Low* has been successfully used to write HACL*, a library of verified cryptographic primitives used in Firefox, the Linux Kernel and other projects.

This tutorial assumes the reader is familiar with F*; if in doubt, head over to its tutorial.

The essence of Low*

The snippet below implements a classic memcpy function, copying len elements of type a from src into dst.

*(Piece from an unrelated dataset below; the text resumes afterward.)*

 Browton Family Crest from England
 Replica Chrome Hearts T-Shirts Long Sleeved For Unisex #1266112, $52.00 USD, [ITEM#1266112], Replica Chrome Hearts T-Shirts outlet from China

#set-options "--use_two_phase_tc true"

open FStar.HyperStack.ST

module S = FStar.Seq
module B = LowStar.Buffer
module M = LowStar.Modifies
module U32 = FStar.UInt32
module ST = FStar.HyperStack.ST

let slice_plus_one #a (s1 s2: S.seq a) (i: nat): Lemma
  (requires (
    i < S.length s1 /\
    i < S.length s2 /\
    S.equal (S.slice s1 0 i) (S.slice s2 0 i) /\
    S.index s1 i == S.index s2 i))
  (ensures (
    S.equal (S.slice s1 0 (i + 1)) (S.slice s2 0 (i + 1))))
  [ SMTPat (S.slice s1 0 (i + 1)); SMTPat (S.slice s2 0 (i + 1)) ]
=
  let x = S.index s1 i in
  let s1' = S.append (S.slice s1 0 i) (S.cons x S.empty) in
  let s2' = S.append (S.slice s2 0 i) (S.cons x S.empty) in
  assert (S.equal s1' (S.slice s1 0 (i + 1)));
  assert (S.equal s2' (S.slice s2 0 (i + 1)))

open LowStar.BufferOps

#set-options "--max_fuel 0 --max_ifuel 0"
val memcpy: #a:eqtype -> src:B.buffer a -> dst:B.buffer a -> len:U32.t -> Stack unit
  (requires fun h0 ->
    let l_src = M.loc_buffer src in
    let l_dst = M.loc_buffer dst in
    B.live h0 src /\ B.live h0 dst /\
    B.length src = U32.v len /\
    B.length dst = U32.v len /\
    M.loc_disjoint l_src l_dst)
  (ensures fun h0 () h1 ->
    let l_src = M.loc_buffer src in
    let l_dst = M.loc_buffer dst in
    B.live h1 src /\
    B.live h1 dst /\
    M.(modifies l_dst h0 h1) /\
    S.equal (B.as_seq h1 dst) (B.as_seq h0 src))
let memcpy #a src dst len =
  let h0 = ST.get () in
  let inv h (i: nat) =
    B.live h src /\ B.live h dst /\
    M.(modifies (loc_buffer dst) h0 h) /\
    i <= U32.v len /\
    S.equal (Seq.slice (B.as_seq h src) 0 i) (Seq.slice (B.as_seq h dst) 0 i)
  in
  let body (i: U32.t{ 0 <= U32.v i /\ U32.v i < U32.v len }): Stack unit
    (requires (fun h -> inv h (U32.v i)))
    (ensures (fun h0 () h1 -> inv h0 (U32.v i) /\ inv h1 (U32.v i + 1)))
  =
    let open B in
    dst.(i) <- src.(i)
  in
  C.Loops.for 0ul len inv body

let main (): Stack C.exit_code
  (requires fun _ -> True)
  (ensures fun h _ h' -> M.modifies M.loc_none h h')
=
  push_frame ();
  let src = B.alloca_of_list [ 1UL; 2UL ] in
  let dst = B.alloca 0UL 2ul in
  memcpy src dst 2ul;
  pop_frame ();
  C.EXIT_SUCCESS

This example showcases several features of Low*. We first present the code from a high-level point of view, then show how it compiles to C. We leave a detailed discussion of Low* to the subsequent chapters of this tutorial.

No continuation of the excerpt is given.